|by Jason Steele|
A lot of people scoff at reward cards because the rewards don’t seem all that great. I have to admin, one or two percent really doesn’t blow your mind, especially if you do not do a lot of spending on your credit card. Last week, I told you about the great card from AARP that offers an introductory cash back rate of 5%. I later told you how you could get in on the deal even if you are not old enough to be a regular member of AARP.
If five percent did not get your attention, how about 10%? Sure there are some cards that will give you 10% back on specific merchants. These are often flower shops or other specific retailers who have a really high margin.
Travelocity Amex Card Gives You 10% On Travel
Basically, this card will give you 5 Travelocity points for every purchase you make on….Travelocity. Each point is worth 2 cents as a credit towards more travel purchases. Since you can book hotels, rental cars, and airline travel there, you can essentially earn 10% cash back on any travel purchase. You need to redeem 20,000 points for a $400 statement credit against a Travelocity purchase. So you spend $4,000 on travel and get a $400 credit.
Who Can Use This
Here is who I see that would get the most advantage. If you are traveling frequently, and you are able to make your desired bookings on Travelocity, you can really make out like a bandit. 10% is light years ahead of a 2% card, and it is even better than using your airline card to book directly with the airline for 2 points per dollar.
What Are The Downsides
If you are the kind of person who likes to book all of your travel direct, this outstanding reward percentage might get you to change your mind. Unfortunately, there are many downsides to using an intermediary like Travelocity. First, they will charge you booking fees on hotels, unlike some sites. Secondly, when you book a hotel through a third party, there can be little or no disclosure of other, mandatory fees. You are always looking at a price that may or may not reflect what you will actually be paying when you arrive. At least when you book through a hotel’s own site, they have to disclose all of the fees. How they can legally sell you something and not disclose the total price until you arrive will surely be the subject of litigation at some point in the future.
Next, there is the problem of room preferences. Book though a hotel site, and they will guarantee you a smoking or non-smoking room. Book through Travelocity and you might not even be given the preference, and your choice may only be granted after all other guests who booked directly have received their choice. If you have to have a non-smoking room, the only way around this with Travelocity is to do your research on other sites to make sure the entire hotel is non-smoking. Finally, most hotel programs will not grant you credit towards status in their program when you book through an intermediary. Without 10% cash back, it boggles my mind why people would pay an extra fee to book travel on a site like this that doesn’t notify them of required fees and doesn’t guarantee or even accept room preferences, and doesn’t earn them credit.

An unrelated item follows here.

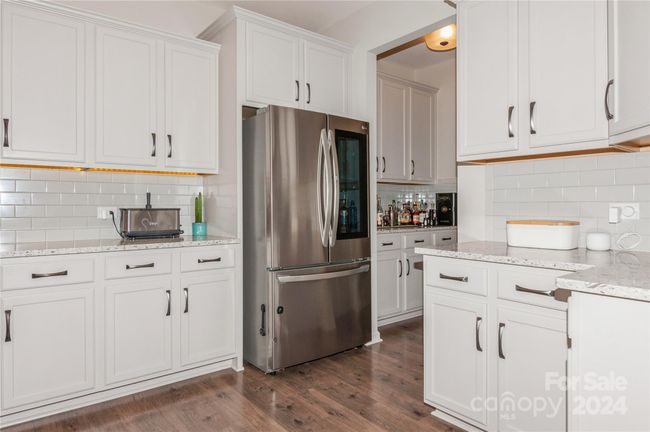 Kitchen to Butlers Pantry | Image 12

Beyond hotels, I also have a problem with booking airline tickets through an intermediary. When something goes wrong, the airline will just tell you to contact your travel agent. For example, US Airways will charge you a fee to assist you with a booking made through a third party site. That they actually help you, but charge you a fee, may be the best case scenario. Here is an instance where travelers on US Airways (what is it with these clowns) were totally screwed when their booking on Expedia disappeared.
Call me crazy, but I would prefer to stick with direct bookings on air and hotel. In fact, I tend to find so many discounts that aren’t bookable with Travelocity, that even 10% back wouldn’t really do it for me. On the other hand, if I were traveling on business and I was, shall we say, a little less price sensitive, I would be more than happy to PUT 10% of all of my travel expenditures in my pocket.